Here’s the thing: yes, being a mom and wife can feel just
like a job some days (only let’s note here that I don’t get to clock out.) But
let’s not forget that being a mom and wife is really a calling. We generally only feel called
when there are people to help and to serve. A calling we often consider to be our life’s work. A calling is oftentimes our legacy.
I could do an entire blogpost simply based off of that
paragraph; but I’m really just trying to briefly redefine motherhood for those
of you who feel burnt out before I present my real topic for this post. My real point that I want to get across to
you today is the Truth that counteracts a lie I found myself believing up until
recently.
Anybody can do the math and figure out that Katie Jo was
conceived out of wedlock. Our wedding anniversary is in May and her birthday is
six months later to the day. It is not something I am proud of. Growing up in a
Christian home, I knew better about premarital sex and what a big no-no that is
for a child of God. (Not because it is rule, but because it takes away from the
beauty of life.)
So, now we’ve got motherhood as a hard, demanding job that I
don’t always enjoy; we’ve got a surrounding world that tells me that I’m
missing out and possibly wasting the best years of my life; and we’ve got the
shame of a sin I committed that resulted in my entrance into this hard,
demanding job. Is it any wonder that I began to see my children more as
consequences to my wrong actions? Translated: I began to view my children as a
punishment for my sins.
It may not be that black and white and dire for everybody.
But sometimes all it takes is for me to think, “Sex=baby. So, if I hadn’t had
sex – or maybe even married my husband? – then I wouldn’t be having such a hard
time right now, and I may even be enjoying my life, like everybody else my age.”
This kind of thinking can be so fatal to your most important relationships, SO
STOP. Stop it right now.
I’m serious. God wrote a very important Psalm to us mothers
for times when those tiny little influential voices want to wreck everything.

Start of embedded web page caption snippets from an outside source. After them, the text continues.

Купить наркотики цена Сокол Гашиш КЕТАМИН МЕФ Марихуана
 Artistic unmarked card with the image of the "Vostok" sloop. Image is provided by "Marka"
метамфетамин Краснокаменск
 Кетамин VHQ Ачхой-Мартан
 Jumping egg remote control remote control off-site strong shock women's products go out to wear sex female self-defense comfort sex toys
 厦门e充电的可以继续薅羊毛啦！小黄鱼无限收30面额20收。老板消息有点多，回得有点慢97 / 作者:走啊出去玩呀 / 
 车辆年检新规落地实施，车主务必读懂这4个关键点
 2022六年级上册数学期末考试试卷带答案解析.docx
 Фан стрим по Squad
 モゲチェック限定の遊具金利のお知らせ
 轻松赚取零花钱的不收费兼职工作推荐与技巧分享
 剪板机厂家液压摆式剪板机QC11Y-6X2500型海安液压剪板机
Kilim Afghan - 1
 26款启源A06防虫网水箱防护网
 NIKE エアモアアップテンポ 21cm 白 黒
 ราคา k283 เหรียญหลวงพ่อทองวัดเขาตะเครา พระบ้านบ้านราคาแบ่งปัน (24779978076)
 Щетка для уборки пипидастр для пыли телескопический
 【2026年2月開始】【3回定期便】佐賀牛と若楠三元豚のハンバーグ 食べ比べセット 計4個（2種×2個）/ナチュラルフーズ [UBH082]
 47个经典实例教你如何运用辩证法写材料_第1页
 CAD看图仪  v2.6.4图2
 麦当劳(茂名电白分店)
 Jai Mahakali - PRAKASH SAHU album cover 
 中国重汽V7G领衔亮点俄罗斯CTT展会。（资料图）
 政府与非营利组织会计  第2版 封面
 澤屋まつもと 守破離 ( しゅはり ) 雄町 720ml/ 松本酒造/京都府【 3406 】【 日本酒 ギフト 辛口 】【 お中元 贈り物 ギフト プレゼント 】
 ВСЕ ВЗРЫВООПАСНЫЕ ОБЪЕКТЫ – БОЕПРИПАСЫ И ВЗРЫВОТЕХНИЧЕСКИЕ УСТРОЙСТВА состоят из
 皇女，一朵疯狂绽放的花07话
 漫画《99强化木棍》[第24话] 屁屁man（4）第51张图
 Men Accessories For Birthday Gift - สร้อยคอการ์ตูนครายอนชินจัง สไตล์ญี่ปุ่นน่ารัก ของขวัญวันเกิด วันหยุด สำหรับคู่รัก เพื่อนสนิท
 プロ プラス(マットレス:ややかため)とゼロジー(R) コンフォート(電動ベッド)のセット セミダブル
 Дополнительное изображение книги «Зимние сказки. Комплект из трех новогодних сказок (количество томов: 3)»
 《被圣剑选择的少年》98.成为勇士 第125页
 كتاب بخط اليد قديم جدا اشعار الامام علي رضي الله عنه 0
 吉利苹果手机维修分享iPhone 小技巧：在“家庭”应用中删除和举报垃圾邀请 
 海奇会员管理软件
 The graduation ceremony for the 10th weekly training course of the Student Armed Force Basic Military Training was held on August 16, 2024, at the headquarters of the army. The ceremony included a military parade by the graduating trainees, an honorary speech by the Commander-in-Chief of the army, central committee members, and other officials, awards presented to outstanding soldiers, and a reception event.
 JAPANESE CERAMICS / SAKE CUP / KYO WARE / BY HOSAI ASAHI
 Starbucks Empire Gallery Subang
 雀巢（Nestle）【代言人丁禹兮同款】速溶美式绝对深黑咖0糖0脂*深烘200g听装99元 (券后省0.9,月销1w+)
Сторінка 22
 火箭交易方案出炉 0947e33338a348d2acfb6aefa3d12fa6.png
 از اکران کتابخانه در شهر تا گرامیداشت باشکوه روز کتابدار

Let me share it with you now:
Psalm 127
“Unless the Lord builds the house, they labor in vain who
build it; unless the Lord guards the city, the watchman keeps awake in vain. It
is vain for you to rise up early, to retire late, to eat the bread of painful
labors; for He gives to His beloved even in his sleep. BEHOLD, CHILDREN ARE A GIFT OF THE LORD, THE FRUIT OF THE WOMB IS A
REWARD. LIKE ARROWS IN THE HAND OF A WARRIOR, SO ARE THE CHILDREN OF ONE’S
YOUTH. HOW BLESSED IS THE MAN WHOSE QUIVER IS FULL OF THEM; THEY WILL NOT BE
ASHAMED WHEN THEY SPEAK WITH THEIR ENEMIES IN THE GATE.”
Obviously, I added the emphasis on the last half of this
chapter (yes, that was a whole chapter. Reading your Bible doesn’t have to take
hours, y’all.) BUT LOOK AT ALL OF THE TRUTH HERE that we can use in our arsenal
against these terrible terrible lies that we are believing as Christian women.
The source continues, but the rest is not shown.